Is Inflation A Form of Currency Devaluation?
“The recent report showing negative economic growth for the first quarter of the year is a painful reminder of the damage that inflation can do.
The current 8.5% inflation rate is the highest in 40 years. But few policy makers or Federal Reserve governors seem to have learned the lessons from the last bout of surging prices—how it started, the economic wreckage it caused, and how we got out of it. We wince when we hear investment gurus arguing that because inflation often means rising consumer demand, it is good for the economy and stock market.

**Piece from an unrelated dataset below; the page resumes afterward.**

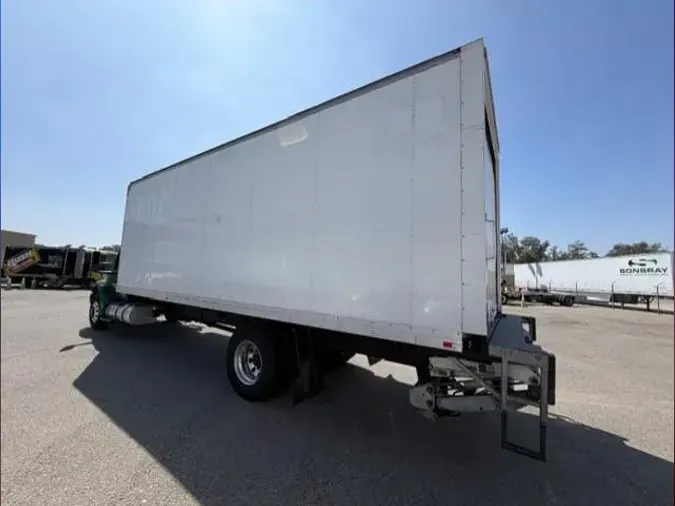 2020 International MV607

Really? Let’s rewind to 1974, the early stages of that long stretch of inflation. That year one of us, Mr. Laffer, wrote on these pages what became a controversial and influential article with the headline “The Bitter Fruits of Devaluation.” Inflation is, of course, a form of currency devaluation.
Two years earlier the Nixon administration had intentionally devalued the dollar in the mistaken belief that a cheaper dollar would spur growth and employment while reducing the U.S. trade deficit. The Laffer article warned that this policy would wreak economic havoc and cause a stock-market train wreck. That’s precisely what happened.
Those who suffered the most were middle-class workers hit by rising prices, especially for energy, surging way ahead of wage increases. Between 1972 and 1981—under Presidents Nixon, Gerald Ford and Jimmy Carter—hourly earnings for workers went from $4 to almost $7, a roughly 70% gain. But after accounting for inflation, workers were getting poorer because the purchasing power of wages fell by roughly 12%. Is it any wonder that Ford and Mr. Carter were voted out of office? That’s exactly what workers are facing today with wages up 5.6% over the past year but consumer prices up 8.5%. Then as now, the White House and the Fed said the inflation would be temporary and blamed it on global factors beyond their control.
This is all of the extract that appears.